((
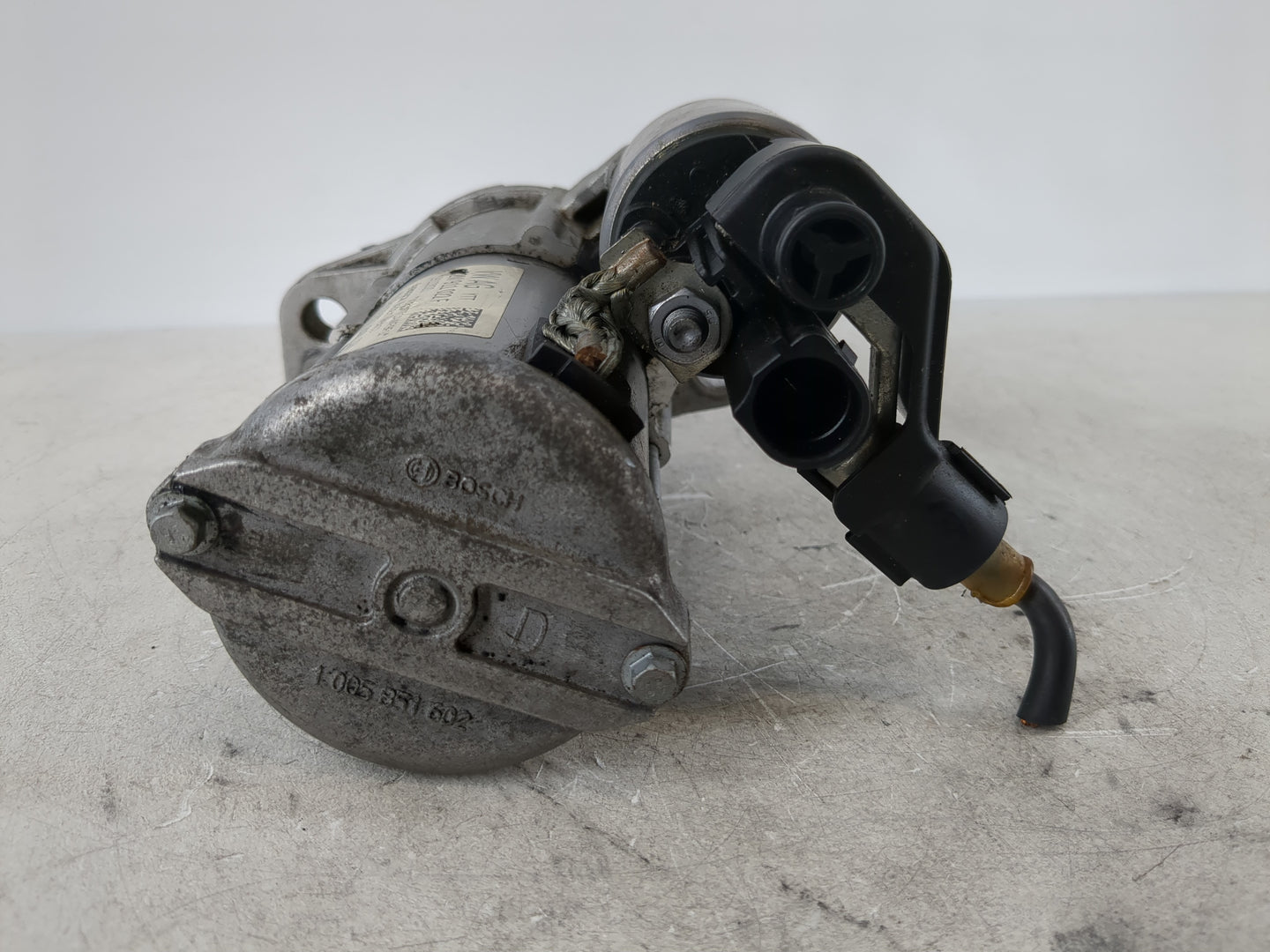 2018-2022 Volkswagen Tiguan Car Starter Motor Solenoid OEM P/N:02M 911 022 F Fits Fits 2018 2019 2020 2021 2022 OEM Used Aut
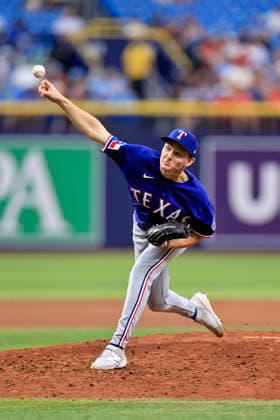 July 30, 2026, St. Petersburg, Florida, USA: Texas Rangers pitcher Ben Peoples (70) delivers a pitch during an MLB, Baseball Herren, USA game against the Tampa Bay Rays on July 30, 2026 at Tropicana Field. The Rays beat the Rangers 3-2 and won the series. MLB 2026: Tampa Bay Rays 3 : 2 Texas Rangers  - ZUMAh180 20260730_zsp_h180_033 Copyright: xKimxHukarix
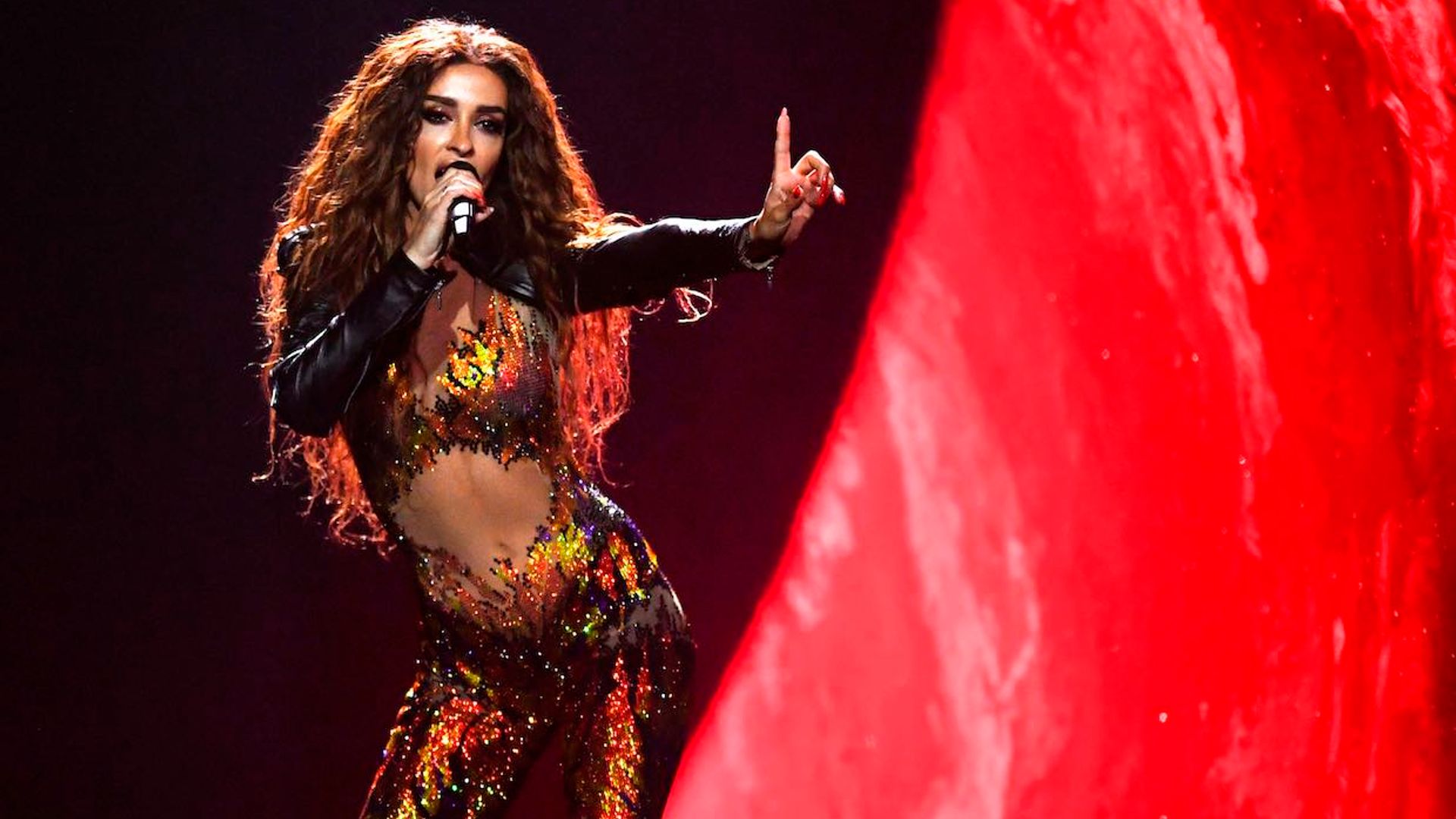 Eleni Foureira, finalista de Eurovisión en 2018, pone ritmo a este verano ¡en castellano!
))
**WORK ORDER**
Return the full listing above exactly as written, and omit the pictures.

**RESPONSE**
 2018-2022 Volkswagen Tiguan Car Starter Motor Solenoid OEM P/N:02M 911 022 F Fits Fits 2018 2019 2020 2021 2022 OEM Used Aut
 July 30, 2026, St. Petersburg, Florida, USA: Texas Rangers pitcher Ben Peoples (70) delivers a pitch during an MLB, Baseball Herren, USA game against the Tampa Bay Rays on July 30, 2026 at Tropicana Field. The Rays beat the Rangers 3-2 and won the series. MLB 2026: Tampa Bay Rays 3 : 2 Texas Rangers  - ZUMAh180 20260730_zsp_h180_033 Copyright: xKimxHukarix
 Eleni Foureira, finalista de Eurovisión en 2018, pone ritmo a este verano ¡en castellano!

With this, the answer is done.